# Sleep and Dreams > General Dream Discussion > Dream Interpretation >  >  Does this mean anything?

## KwikDraw13

I have a girlfriend who I haven't seen in a short amount of time (About three weeks) and usually I see her a lot. Recently, I've been having lots of dreams with this one girl I used to have a crush on. Does this mean anything? 
Other than the obvious...

----------


## hermine_hesse

I think this thread probably belongs in the dream interpretation forum.

It's hard to say what these dreams mean w/o context.  Do you still have feelings for this girl?  If so, then you already know what they are about.  If not, maybe you're just missing having your girl around.  Maybe you've been innocently wondering about this other girl.  Maybe the dreams represent something else entirely.  

Posting more details - specific dream plot, how you felt in the dream, how you feel about these things in real life - might be helping if you want more specific interpretation.

----------


## KwikDraw13

Most of the dreams took place while I was at the same school as her, or when I had a crush.
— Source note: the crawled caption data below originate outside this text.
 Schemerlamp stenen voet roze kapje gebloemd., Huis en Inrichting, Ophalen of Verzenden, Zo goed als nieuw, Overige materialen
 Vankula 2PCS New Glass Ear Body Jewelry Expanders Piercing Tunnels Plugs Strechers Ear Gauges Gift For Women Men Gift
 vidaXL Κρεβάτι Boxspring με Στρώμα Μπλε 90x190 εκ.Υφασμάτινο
Sorry, I didn't see a dream interpretation section...

----------


## ShadowOfSelf

> Recently, I've been having lots of dreams with this one girl I used to have a crush on. Does this mean anything?
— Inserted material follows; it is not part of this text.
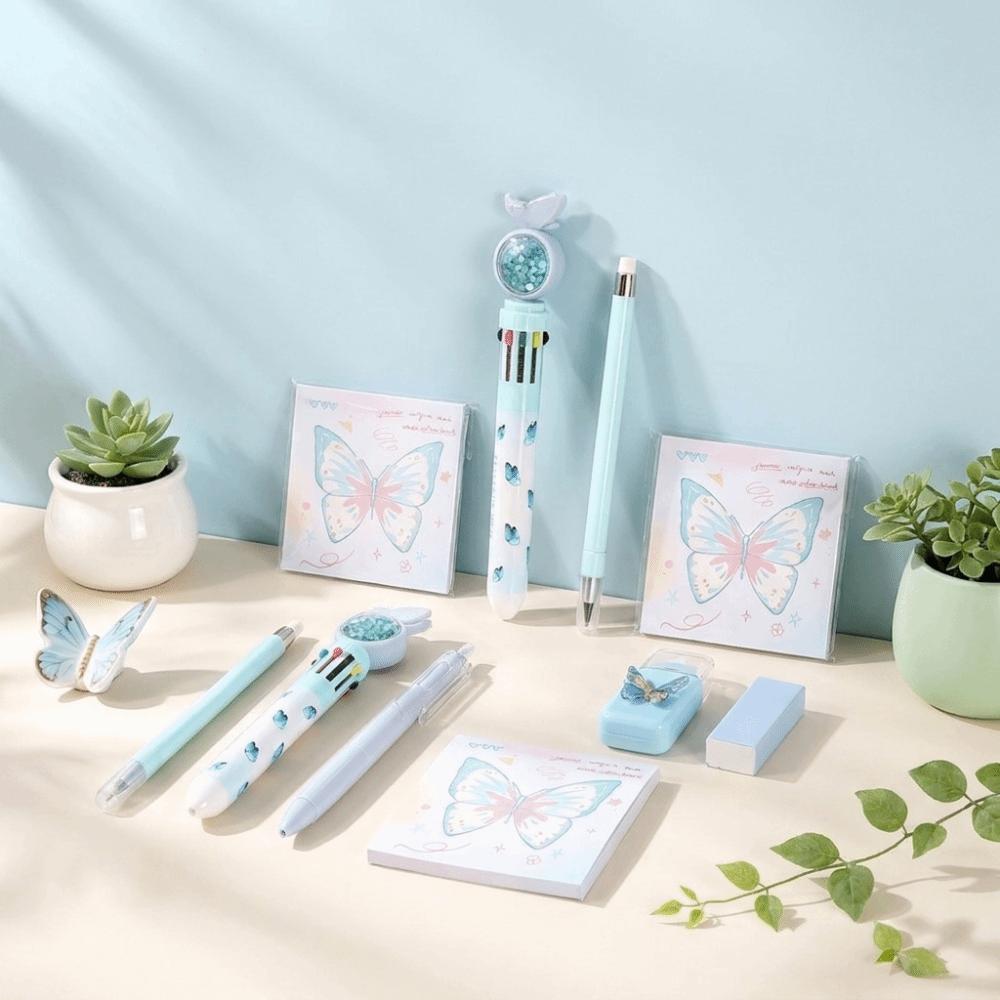 Retractable Gel Pens Butterfly Stationery Set Everlasting Pencil Correction Tape School Supplies Kit Aesthetic Sticky Notes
Only if you think it means something........

----------


## Erii

Moved to Dream Interpretation~

----------


## Egor

I believe this dream is telling you that the girl you haven't seen in three weeks will become a past love affair. Don't be too concerned about this. You'll meet your soul mate and you will see that all things had to happen as they did in order for you to meet her.

Good luck to you.  ::goodjob2::

----------